Schwäbische Zeitung: Krieg entmenschlicht - Leitartikel
Leutkirch (ots)
Krieg bedeutet den Zusammenbruch von menschlichen Werten. Krieg stellt den Kollaps von zivilisatorischem Fortschritt dar. Und ganz eindeutig ist: Es gibt keinen sauberen Krieg, wie es Medienstrategen von kriegsführenden Parteien immer wieder suggerieren wollen. Kampfhandlungen sind kein Videospiel, Kampfhandlungen sind gemein, sie sind heimtückisch und verschlagen, sie sind weder edel noch ritterlich.

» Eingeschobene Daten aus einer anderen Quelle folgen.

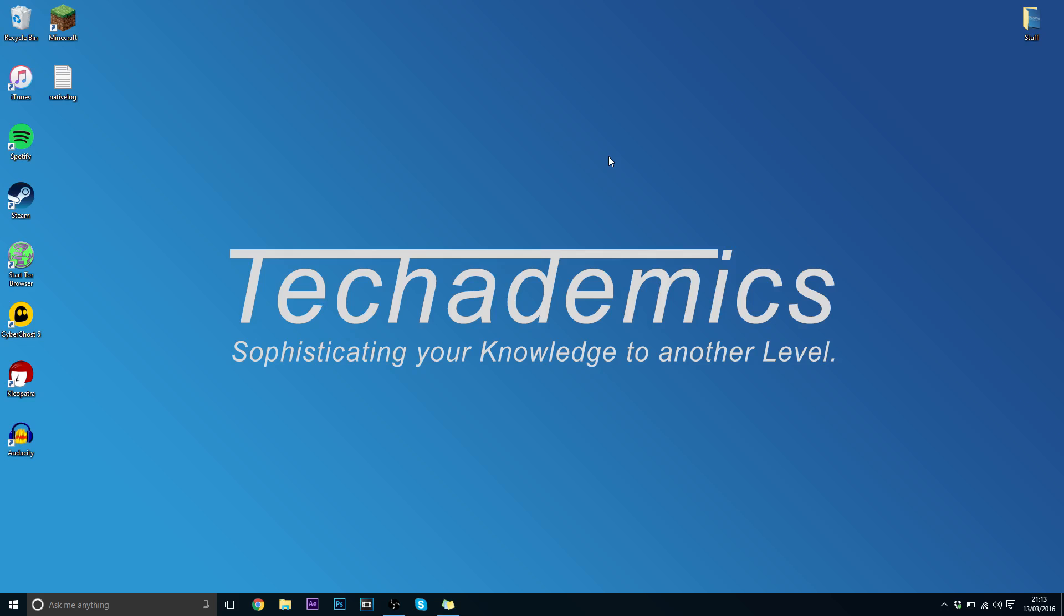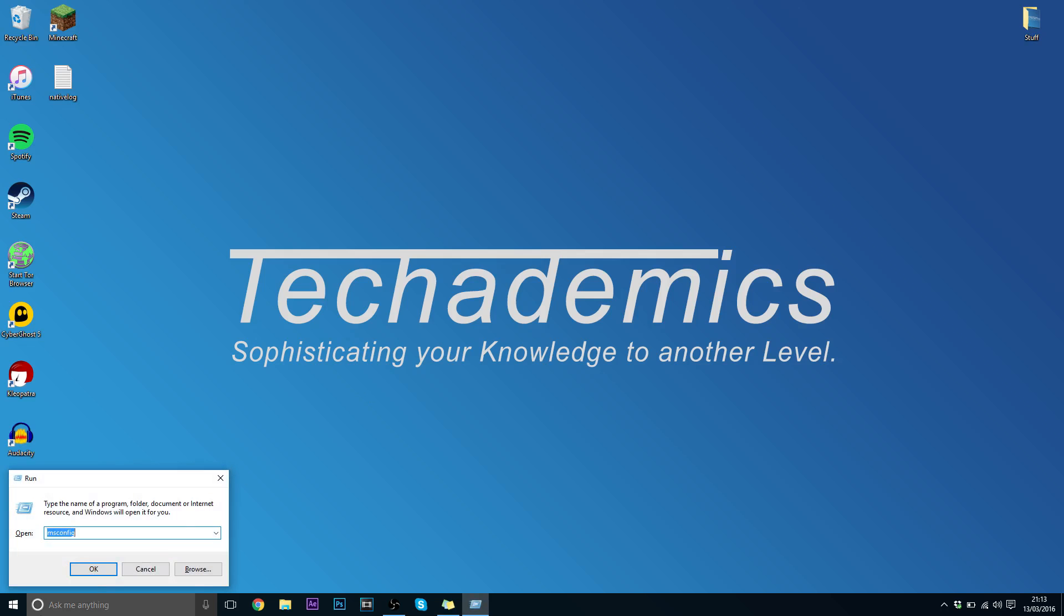To do this you want to press the Windows key and R or go down to this menu and type in Run, and then you want to type in msconfig and press OK.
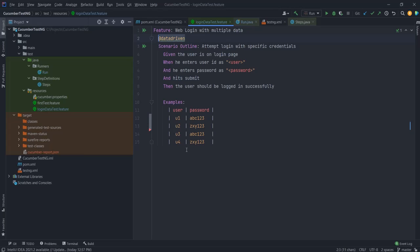Along with this, I am printing the name of the scenarios and the tags associated with each and every scenario. With the current implementation wherein I have my scenario outline tagged as @data-driven, if I run this, every example will run. Tags are inherited — so when I tag a particular scenario outline, it is inherited by all the examples and all the scenarios created with that scenario outline.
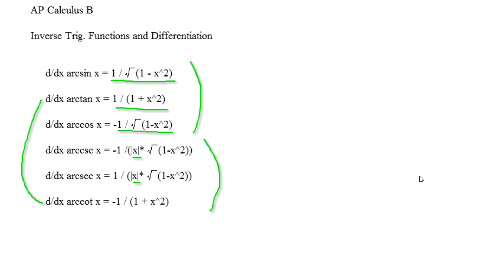Alright, but that's pretty much it for inverse trig functions differentiation. I will talk to you guys later. Bye.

Es gibt nur ein Ziel: Tod dem Feind. Wer dieses Ziel verfolgt, der ist auch auf dem Weg, Grenzen zu überschreiten und die Menschenwürde des Gegners in den Dreck zu ziehen. Ein verharmlosendes Wort für fürchterliche Ergebnisse einer Kriegshandlung lautet "Kollateralschaden". Dahinter verbergen sich in der Regel schwerwiegende Verstöße gegen das humanitäre Völkerrecht, die aber immer wieder schulterzuckend oder mit Krokodils-tränen hingenommen werden.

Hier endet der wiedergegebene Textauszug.